Thanks for the kind words and advice. And yeah, I should do that.
(For those who are not familiar with convolution filters: Maybe it will be helpful for you to know that in this case the algorithm is set to achieve a Gaussian blur with a radius of 2. I could change the values in the LUT which Falco mentioned to achieve something like an emboss effect or a filter that will highlight edges in an image.)
I believe I'm jumping too much for this few lines of code - cut out a couple distracting jumps (especially the big one at the beginning of the code in my first post) and got away with no mentionable performance drawbacks.
Also I've changed an instruction from SSE2 movups (formerly l. 69) to SSE3 lddqu (now l. 102) for experimental purposes. If the CPUs you're targeting don't support SSE3, you can change it back to movups.
Lastly, Visual Studio told me in a warning I was missing an emms instruction, which is supposed to clean up the MMX status information. Cleaning up after oneself is always a good thing to do. I inserted it at the end.

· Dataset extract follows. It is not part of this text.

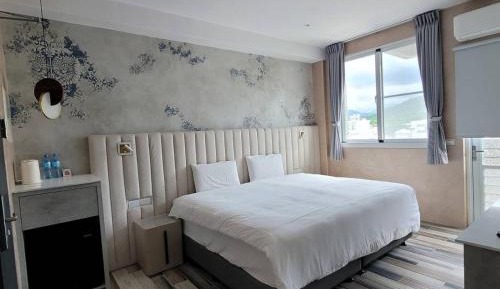 King Room with Mountain View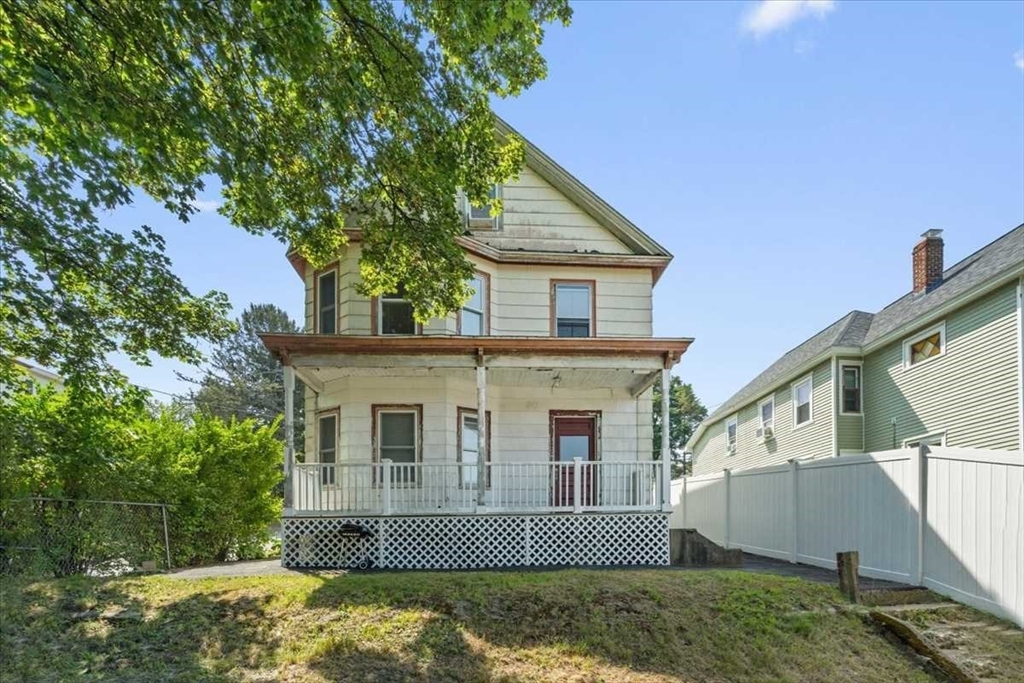 620 Franklin St, Worcester, Massachusetts, 7 Bedrooms Bedrooms, 14 Rooms Rooms,3 BathroomsBathrooms,Residential Income,For Sale,Franklin St,73418325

extern "C" _declspec( dllexport ) void Convolute( char * Scan0, int Stride, int Width, int Height ) {
#define MULTIPLIER 1.0f / 256.0f
#define REPEAT_FOUR_TIMES( X ) X, X, X, X
static const float Kernel[5][20] = {{ REPEAT_FOUR_TIMES( 1.0f * MULTIPLIER ), REPEAT_FOUR_TIMES( 4.0f * MULTIPLIER ), REPEAT_FOUR_TIMES( 6.0f * MULTIPLIER ), REPEAT_FOUR_TIMES( 4.0f * MULTIPLIER ), REPEAT_FOUR_TIMES( 1.0f * MULTIPLIER ) },
{ REPEAT_FOUR_TIMES( 4.0f * MULTIPLIER ), REPEAT_FOUR_TIMES( 16.0f * MULTIPLIER ), REPEAT_FOUR_TIMES( 24.0f * MULTIPLIER ), REPEAT_FOUR_TIMES( 16.0f * MULTIPLIER ), REPEAT_FOUR_TIMES( 4.0f * MULTIPLIER ) },
{ REPEAT_FOUR_TIMES( 6.0f * MULTIPLIER ), REPEAT_FOUR_TIMES( 24.0f * MULTIPLIER ), REPEAT_FOUR_TIMES( 36.0f * MULTIPLIER ), REPEAT_FOUR_TIMES( 24.0f * MULTIPLIER ), REPEAT_FOUR_TIMES( 6.0f * MULTIPLIER ) },
{ REPEAT_FOUR_TIMES( 4.0f * MULTIPLIER ), REPEAT_FOUR_TIMES( 16.0f * MULTIPLIER ), REPEAT_FOUR_TIMES( 24.0f * MULTIPLIER ), REPEAT_FOUR_TIMES( 16.0f * MULTIPLIER ), REPEAT_FOUR_TIMES( 4.0f * MULTIPLIER ) },
{ REPEAT_FOUR_TIMES( 1.0f * MULTIPLIER ), REPEAT_FOUR_TIMES( 4.0f * MULTIPLIER ), REPEAT_FOUR_TIMES( 6.0f * MULTIPLIER ), REPEAT_FOUR_TIMES( 4.0f * MULTIPLIER ), REPEAT_FOUR_TIMES( 1.0f * MULTIPLIER ) } };
const void *KernelPtr = (const void*)Kernel;
__asm {
; START
; Begin a loop (PIXEL-Y) that iterates over the height of the bitmap (from Height - 1 down to 0)
mov ecx, Height
sub ecx, 1
asml_pixy_loopbegin:
push ecx ; Push PixelY onto the stack
; PIXEL-Y LOOP BODY
; Begin a loop (PIXEL-X) that iterates over the width of the bitmap (from Width - 1 down to 0)
mov ecx, Width
sub ecx, 1
asml_pixx_loopbegin:
push ecx ; Push PixelX onto the stack
; PIXEL-X LOOP BODY
; set xmm0 to zero (xmm0 always stores the "Current Color",
; the color that is accumulated through the convolution algorithm and later written to the bitmap)
pxor xmm0, xmm0
; The loop over the y-axis of the Region of Interest (from two pixels below the current PIXEL-Y to two pixels above it
; goes from 4 down to 0 to access the Kernel values)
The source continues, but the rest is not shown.